Her father was an IRA gunman dedicated to an independent Ireland. This meant that Maeve Brennan (1917-1993) was subjected to a rather unstable and tense childhood as her father was often arrested and jailed for his political activities. In fact, Maeve was born while her father was in prison. Imagine the mood swings Maeve’s mother must have gone through and the imprinting it left on Maeve.
Negotiating your identity in a hostile environment is not the easiest thing to do.
After Ireland gained independence from Great Britain, Maeve’s father was appointed first minister to the U.S. Thus, in 1934, the Brennan family moved to Washington D.C. but, in 1947, when it was time to go back to Ireland, Maeve said “No way!”. Instead, she moved to NYC and got a job at Harper’s Bazaar where another Dubliner, Carmel Snow, was editor-in-chief. In the role of The Long-Winded Lady, Maeve kept a social column and later published her short stories with Harper’s as well.
Maeve was described as a “small, charming, effortlessly witty, generous woman with green eyes, hugely oversized horn-rimmed glasses, and chestnut hair worn in a vast beehive.” * To be around Maeve and “the quick sound of her heels and her beautiful Dublin accent” was “to see style being invented” leading to the speculation that Breakfast at Tiffany’s Holly Golightly was based on Maeve.

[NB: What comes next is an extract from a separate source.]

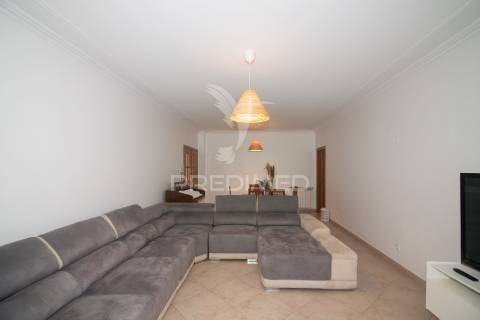 Apartamento t3 no carregado em condomínio fechado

In the 1960s, Maeve was at her apex. But then things began to deteriorate as if something inside of her had snapped. Or, more likely, after years of slow erosion, suddenly everything began to crumble. Her dam of self-containment broke and Maeve was swept away. To keep herself afloat, she drank.
Once known for her style and wit, Maeve was now unkempt and incoherent. By the 1970s, she was a low functioning alcoholic forced to live on the streets and wash herself in public restrooms. One day Maeve just disappeared and wasn’t heard of again until her obituary several years later. Destitute and sick, Maeve had been living in a nursing home where she died in 1993 at the age of 76.
Many of Maeve’s short stories are based in Ireland. It was as if Mauve could not get Dublin out of her mind despite the Atlantic that separated her from her hometown. James Joyce (1882-1941) faced a similar problem. In 1904, Joyce, in his early 20s, left Ireland for continental Europe. But the distance could not keep him from focusing on Dublin. Says Joyce: “For myself, I always write about Dublin, because if I can get to the heart of Dublin, I can get to the heart of all the cities of the world. In the particular is contained the universal.”
Joyce, educated by Jesuits, in 1914 published “Dubliners”, a collection of 15 short stories all depicting Irish middle class life. The characters in Dubliners experience epiphanies that change them within. Because, like an explosion out of darkness, an epiphany is a moment of sudden realization, a moment so long it can last forever.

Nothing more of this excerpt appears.